Promoting the involvement of women in ICT initiatives has proven to have significant development benefits. The Grameen Village Phone operators have gained significant social status within their communities, both because of their increased income and recognition of the important service they provide. Improved communication and information access has a direct impact on social and economic development, particularly in rural and remote communities. It is, therefore, critical to ensure that women have full opportunity to gain equal access to ICTs, to learn how to use them effectively, and to share in the social and economic rewards ICTs can generate. Moreover, women should be involved in planning and decision making to ensure that ICT programs are designed in a way that is relevant to their needs.
Key issues and considerations
Women in mountainous regions, like women in all communities, have a need to communicate.
Women in mountainous regions, like women in all communities, have a need for information.
The Internet is only one of a number of different communication media.

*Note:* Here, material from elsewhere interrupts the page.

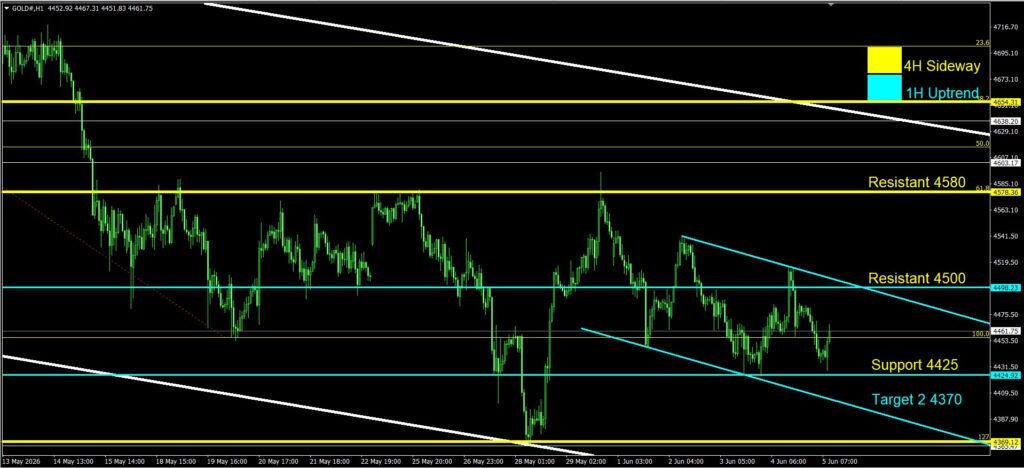 Daily Gold Spot Price Analysis 5 June 2026 1H goo invest trade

Telephone and radio are key communication channels that must not be overlooked.
Remittance economies often drive the need for communication within families.
Young people from isolated areas who have moved to distant urban centers for further education are a driving force behind the need for communication.
Women, particularly in cultures with distinct differentiation of gender roles, need to be exposed to ICTs in order to begin to learn to harness the power of new communication tools.
The cost of a phone call can be easily justified given the savings in time and transportation costs or the remittance revenue it generates.
Provision of telecom services by a woman operator is sometimes the key to optimum use and provider profitability.
There is a role for donor agencies in subsidizing and supporting telecom initiatives for mountain women. Kick starting projects, raising awareness of the potential of ICTs, capacity building, and fostering a “culture of communication” can help women identify for themselves how telecommunication—telephone and Internet—can be used as a practical tool to help them improve their livelihoods and even save money.
Take Hold of What You Have
Don't let the changing times …
The changing technology mean technology changing hands.
Don't lose your ground in the game they call development.
Take hold of what you have, of what you know and do already. Keep it. Cultivate it. Capture innovations, and invent. Teach yourselves, set your own horizons. Take part fiercely in the future. Take stock of changing times.
Be all that you can and all that you want.
(From Tech and Tools by Elizabeth Cox, Papua New Guinea, 1995; NGO forum in Nairobi, Kenya.)